DATASET RECORDS ->
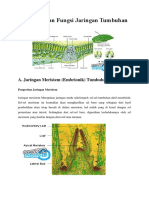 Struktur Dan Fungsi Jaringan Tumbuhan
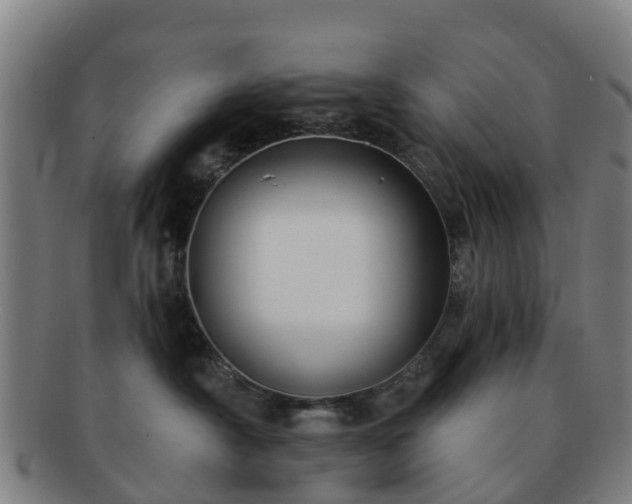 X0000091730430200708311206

--

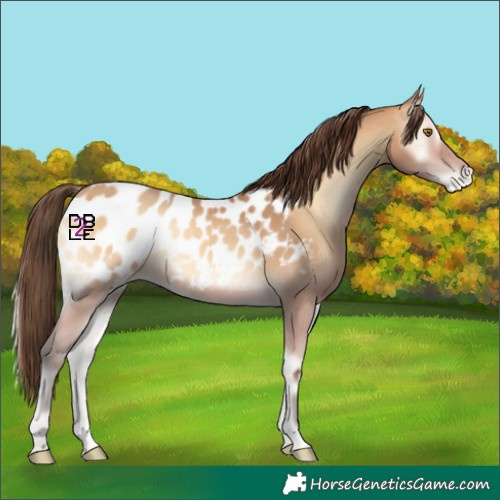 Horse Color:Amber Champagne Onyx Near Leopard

ACTION ITEM -> Within these entries, output exactly the lines starting at the one with "Struktur Dan Fungsi Jaringan Tumbuhan" and finishing at the one with "X0000091730430200708311206". Leave pictures out of the output.

TASK ANSWER ->
 Struktur Dan Fungsi Jaringan Tumbuhan
 X0000091730430200708311206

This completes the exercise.